Proposed Revised Section 290 Independence - Assurance Engagements
An Exposure Draft issued by the International Federation of Accountants
Comments from ACCA
September 2005
ACCA welcomes this opportunity to respond to the exposure draft issued by the International Federation of Accountants (IFAC) Proposed Revised Section 290, Independence – Assurance Engagements.
The Ethics Committee’s rationale for the proposed revision to the definition of network firm is to address the concerns expressed by some that the existing definition was too narrow and did not appropriately consider the importance of the way firms present themselves.
We support the Ethics Committee’s objective to provide the necessary clarity regarding the nature of interests and relationships that may pose threats to independence.
Similarly, we welcome the intent of the explanatory text to provide guidance to assist professional accountants to assess the significance of the interests and relationships that may pose a threat to independence.
We are, nevertheless, concerned, in particular, that:
- the proposed revised definition appears to have moved away from being principles-based to a rules-based one. As a result there is lack of clarity, for example as a result of linking the word ‘sharing’ to the word ‘costs’

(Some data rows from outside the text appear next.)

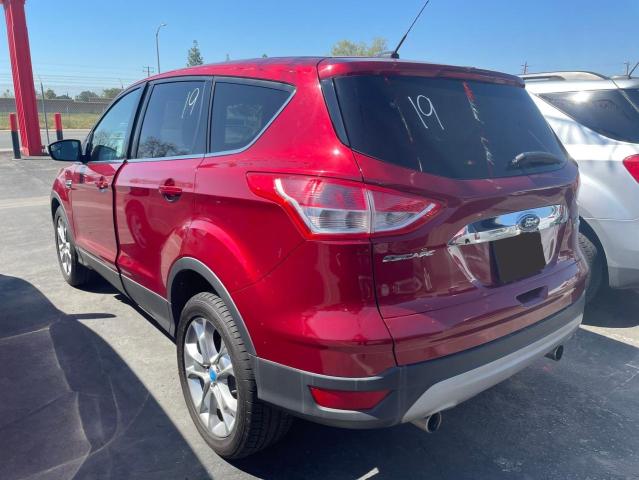 Photo 3 from auction – 2013 FORD ESCAPE SEL with VIN 1FMCU0HX2DUB62810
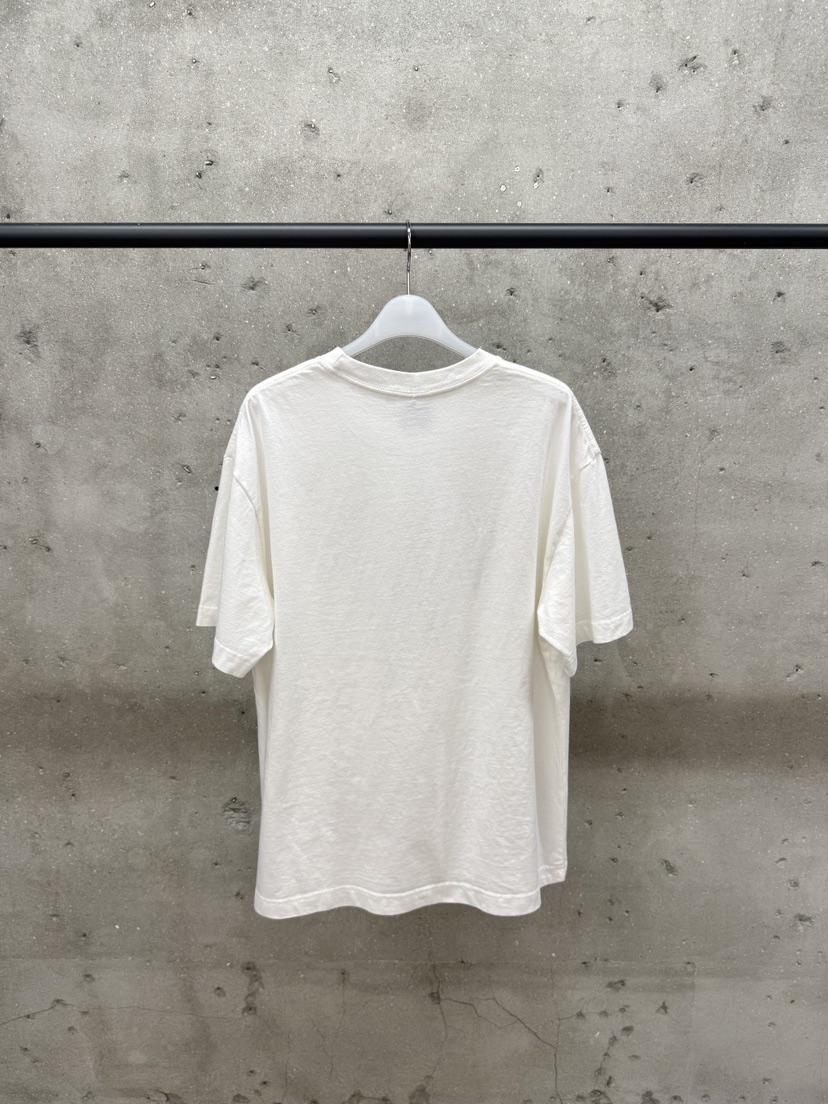 EST韓國代購女士新品26春夏26夏季職業熱賣時尚推薦休閑T恤EST/RAWHAUST恤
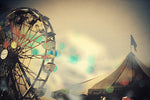 And The World Spins - Fine Art Photograph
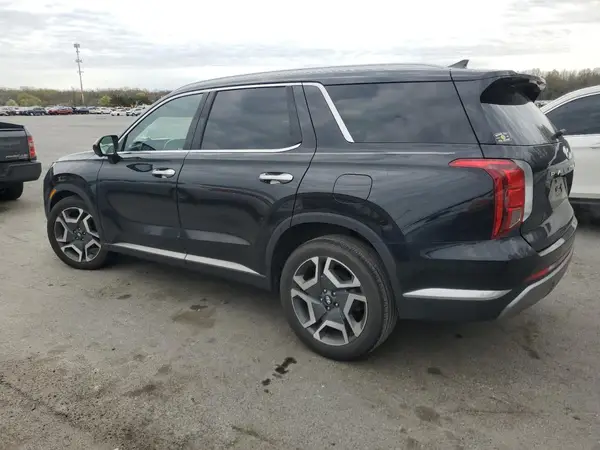 KM8R5DGE5RU676172 2024 HYUNDAI PALISADE - Image 2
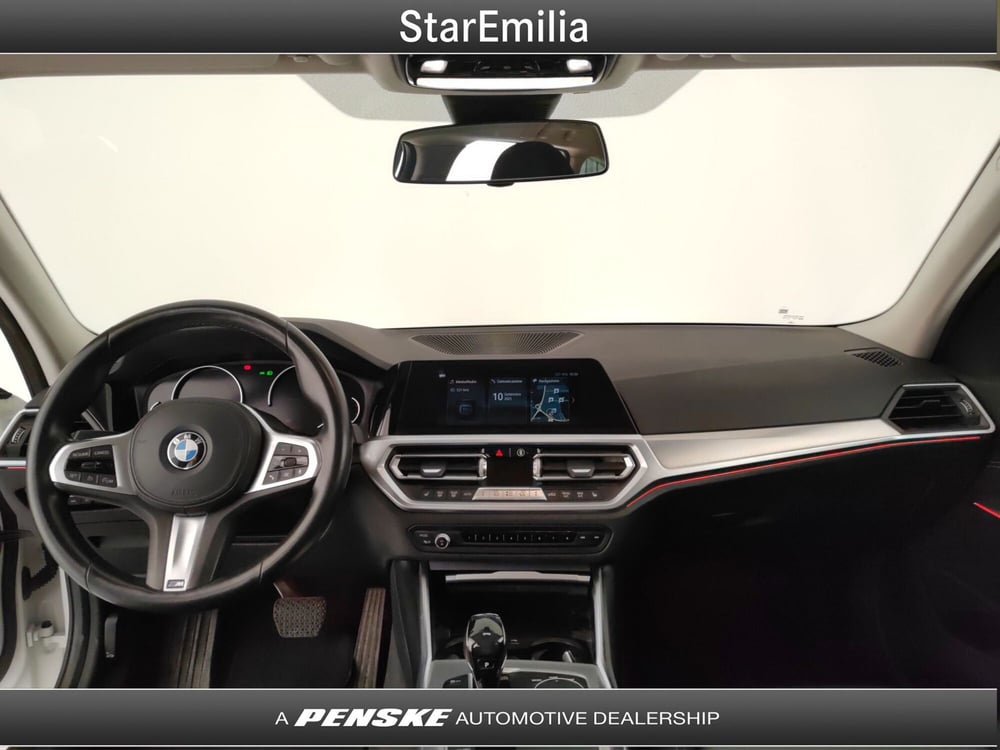 BMW Serie 3 Touring usata a Bologna (11)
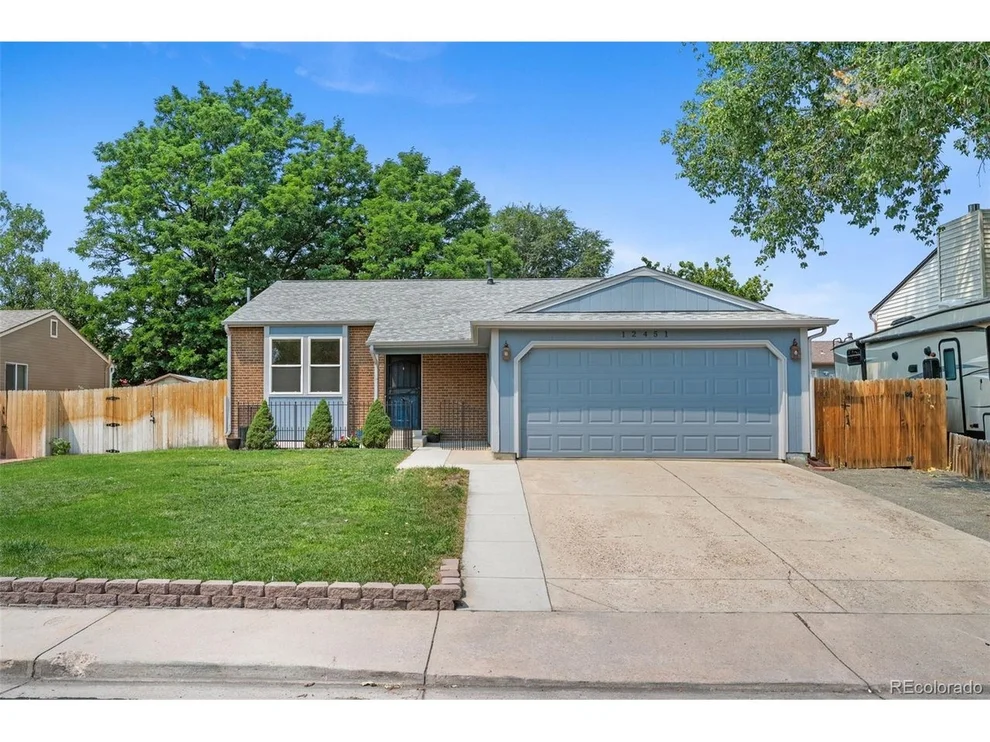 Unit for sale at 12451 Bellaire St, Thornton, CO 80241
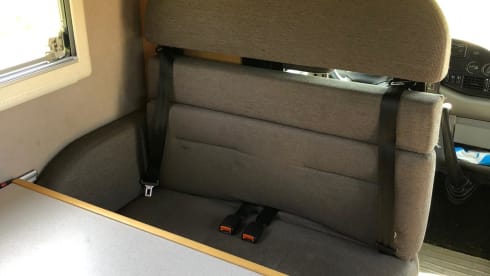 Very neat, reliable, well-maintained 6-person family camper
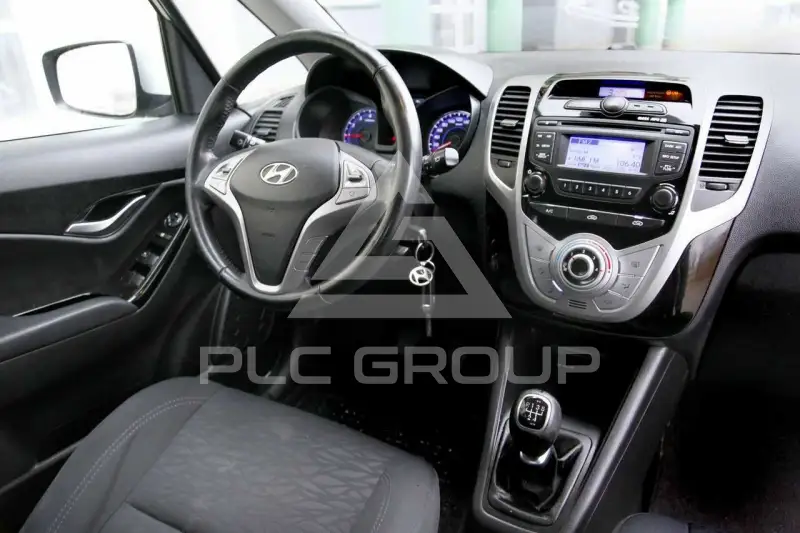 2013 Hyundai IX20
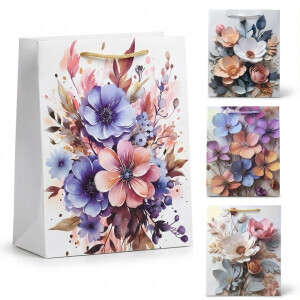 Dárková taška PP ''L'' (12/bal 600/krt)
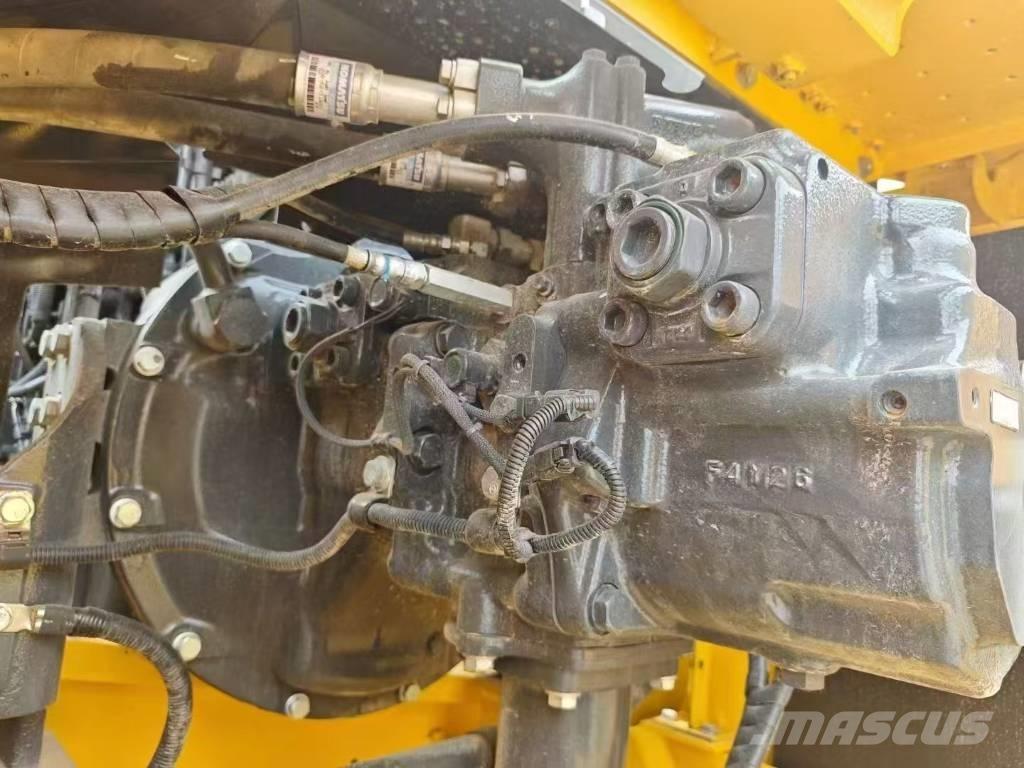 Komatsu 360-8 Raupenbagger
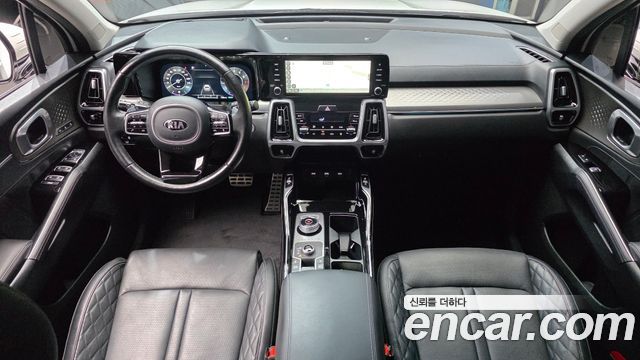 Kia Sorento 2021 — photo 7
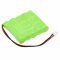 Helyettes�t� riaszt�rendszer akku Bticino 3507/6 700mAh 4,2Wh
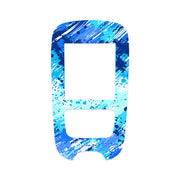 Peelz Beta Blue Sticker for the Accu-Chek Guide Glucometer Peelz/Stickers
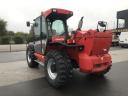 MANITOU MLT845-120H/4x4x4/MERCEDES/KLIMA/JOYSTICK/TOP/3500Hours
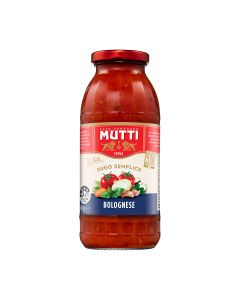 Mutti - Bolognese Sauce - 6 x 440g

- there are unintended consequences of the definition of firm being unchanged and as a result there is duplication in the definition of firm and network firms
- the proposed revision to the definition does not appear to take into consideration other definitions with international application
- there are additional tests and inconsistencies in the explanatory text
and - other IFAC pronouncements may not be consistent in the way network firm and terms that refer to similar concepts are used.
Our concerns are explained further below.
COMMENTS ON THE PROPOSED REVISION TO THE DEFINITION OF NETWORK FIRM
Larger structure
Part (a) of the proposed revised definition introduces the concept of a ’larger
structure’. This is, presumably, not intended to act in a restrictive
way but is a necessary concept in order to word the remainder of part (a) of
the definition in a clear fashion. Nevertheless, it may be preferable to use
a definition that does not rely on the introduction of a new term.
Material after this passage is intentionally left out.